A verdade é que o dia de Pentecostes teve pelo menos dois significados, e muitos fazem confusão hoje em dia porque não entendem a distinção entre eles. Em primeiro lugar, esse evento foi o último da atividade salvadora de Jesus: o derramamento do Espírito prometido há tanto tempo, subsequente à sua morte, ressurreição e ascensão.
Nesse sentido, esse dia deu início à nova era messiânica, a era do Espírito. Ele é singular em si, assim como a morte do Salvador não pode ser repetida, nem sua ressurreição e ascensão, que o precedem. Suas bênçãos, no entanto, existem para todos os que pertencem a Cristo.
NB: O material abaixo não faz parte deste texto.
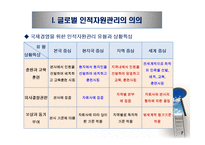 글로벌 경영과 국제인적자원관리-9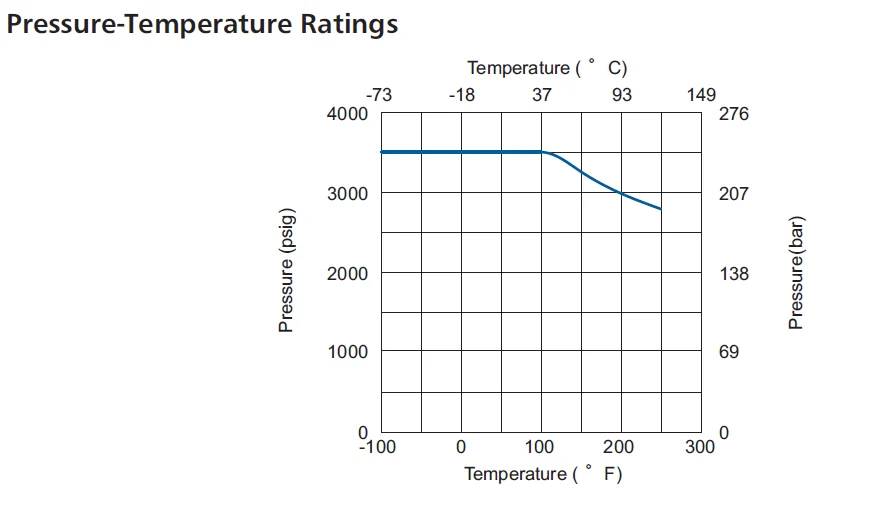 Swagelok Type Hikelok Vacuum Applications 3500psig 241 Bar 316 Ss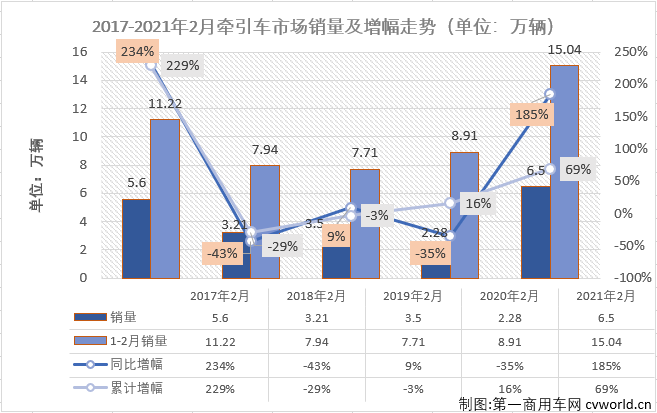 【第一商用車網(wǎng) 原創(chuàng)】2月份的重卡市場(chǎng)繼續(xù)刷新歷史紀(jì)錄，牽引車細(xì)分市場(chǎng)同樣創(chuàng)下歷史新高！第一商用車網(wǎng)最新獲悉，2021年2月份，我國(guó)重卡市場(chǎng)共計(jì)銷售11.83萬輛，同比增長(zhǎng)215%，在2021年收獲“兩連漲”。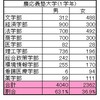 有名校の募集人数における男女差について～その２～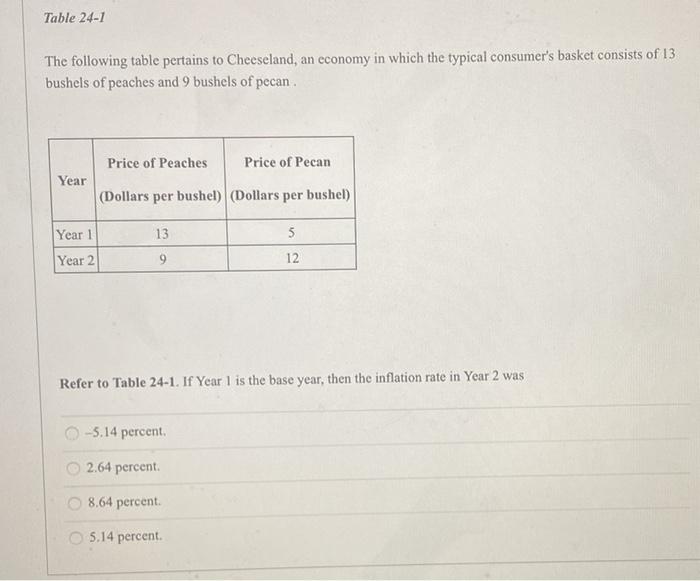 Solved Table 24 1 The Following Table Pertains To Chegg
Desde aquele dia, todos os cristãos, sem exceção, tornaram-se participantes dessa nova era e receberam os dons do perdão e do Espírito, que Cristo nos tornou acessíveis através de sua morte, ressurreição, ascensão e derramamento do Espírito. Nesse sentido os que se converteram no dia de Pentecostes, em resultado à pregação de Pedro, são exemplos para todos os crentes subsequentes.
Porém, o dia de Pentecostes tinha ainda um outro significado, mais inesperado. Ele foi o cumprimento não só da expectativa geral do Antigo Testamento da vinda do Espírito, mas também das promessas especiais de Jesus no Cenáculo, ditas primeiramente aos apóstolos, e cujo cumprimento haveria de capacitá-los para seu trabalho apostólico especial, de mestres inspirados e autorizados. Um dos resultados dessa capacitação aparece do NT.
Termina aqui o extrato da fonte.